0. Markov Decision Process formally describes agent<>environment setting
0. Reminder: Environment is fully observable. What does that mean?
0. All RL problems can be formulated as such
0. Markov Property (reminder):
$$ P[ S\_{t+1} \bigm\vert S\_{t} ] = P[ S\_{t+1} \bigm\vert S\_{1},S\_{2},...,S\_{t} ] $$
 * What is the interpretation?

### Transition Matrix

\\(\rho\_{ss'} = P[ S\_{t+1} = s' \bigm\vert S\_{t} = s]\\).

This formula represents the probability transition between any two states. The probability of going to s' when you are at state s. We can summarize all of the transitions in a matrix:

\\(\rho = \begin{pmatrix} 
\rho\_{11} & \rho\_{12} & ... & \rho\_{1n}
\\\ .
\\\ .
\\\ .
\\\ \rho\_{n1} & \rho\_{n2}& ... & \rho\_{nn} \end{pmatrix} \\)

**Question:**
<br/>
What can you say about sum of each row and columns?
<br/><br/><br/>
**Markov Process** also known as Markov Chain:

0. It is tuple \\(\langle S,\rho \rangle\\)
0. S is finite
0. \\(\rho\\) is state transition probability matrix

### Exercise 1 ###
<br/><br/>
![MDPs](https://files.training.databricks.com/images/rl/mdps.png)
<br>
For above graph:
0. Write \\(\rho\\), the state transition probability matrix.
0. What is the probability of ending in F given you are at state S?
0. What is the probability of ending in F after two tries given you are at state S? What are the assumptions behind your answer?

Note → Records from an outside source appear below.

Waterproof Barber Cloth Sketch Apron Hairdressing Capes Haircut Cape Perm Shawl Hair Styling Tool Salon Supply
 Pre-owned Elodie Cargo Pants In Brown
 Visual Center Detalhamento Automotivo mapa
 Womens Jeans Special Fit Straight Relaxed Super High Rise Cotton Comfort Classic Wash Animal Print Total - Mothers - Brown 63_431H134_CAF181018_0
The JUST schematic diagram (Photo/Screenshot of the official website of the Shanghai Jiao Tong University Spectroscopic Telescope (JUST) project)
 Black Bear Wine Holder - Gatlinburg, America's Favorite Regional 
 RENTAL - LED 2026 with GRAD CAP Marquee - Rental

### Markov Reward Process ###
Markov Reward Process is a Markov chain \\(\langle S, \rho, R, \gamma \rangle\\) such that:
0. \\(P[ S\_{t+1}, R\_{t+1} \bigm\vert S\_{t} ] = P[ S\_{t+1}, R\_{t+1} \bigm\vert S\_{1},S\_{2},...,S\_{t}]\\)
0. \\(R\\) is a **reward function**. That is \\(R\_{s} = E[R\_{t+1} \bigm\vert S_{t} = s]\\)
0. \\(\gamma\\) is a discount factor. \\(\gamma \in [0,1]\\).

**Return** is the total sum of discounted reward:
\\(G\_{t} = R\_{t+1}+ \gamma R\_{t+2} + \gamma^2 R\_{t+3}+ ...\\)
<br/><br/>
**Questions**
0. Why \\(\gamma \in [0,1]\\)? What happens when you have cyclic cases?
0. What does \\(\gamma = 0 \\) imply? In what scenario do you use that?
0. What does \\(\gamma = 1 \\) imply? In what scenario do you use that?

### Value Function ###

0. Long term value of state \\(s\\). i.e what we expect to get as return given we are at state \\(s\\)
$$ v(s) = E[G\_{t} \bigm\vert S\_{t} = s] $$

### Exercise 2 ###

Refer to exercise 1 graph. Assume the return of state **\\(S, R, F\\) are -1, -3, 1**, respectively.
<br/><br/><br/>
For each of the following episodes calculate \\(G\_{1}\\). Assume we start at \\(S\\) and \\(\gamma = 0.5 \\). You may want to write a code to do the computation. 
0. \\(S, S, S, S, ...\\)
0. \\(S, R, S, R, S, R, S, R, S, R, ...\\)
0. \\(S, R, F, S, R, F, S, R, F, ...\\)

### Bellman Equations for Markov Reward Processes ###

\\( \begin{aligned} \\\ v(s) &= E[G\_{t} \bigm\vert S\_{t} = s] \\\  &= E[R\_{t+1} + \gamma R\_{t+2} + \gamma^2 R\_{t+2}+ ... \bigm\vert S\_{t} = s]  \\\   &= E[R\_{t+1} + \gamma (R\_{t+2} + \gamma R\_{t+2}+ ...) \bigm\vert S\_{t} = s] \\\
&= E[R\_{t+1} + \gamma G\_{t+1} \bigm\vert S\_{t} = s]\\\
&= E[R\_{t+1} + \gamma v(s\_{t+1}) \bigm\vert S\_{t} = s]
\end{aligned}\\)

### Questions ###

0. What is computational complexity for solving above system of linear equations?
0. Find eigenvalues and eigenvectors of transition probability matrix in previous exercise. What do they signify?
0. How would you solve approach large MRPs?
  - Dynamic Programming (more to come later)
  - MC evaluation (more to come)
  - Temporal-difference Learning (if time permits)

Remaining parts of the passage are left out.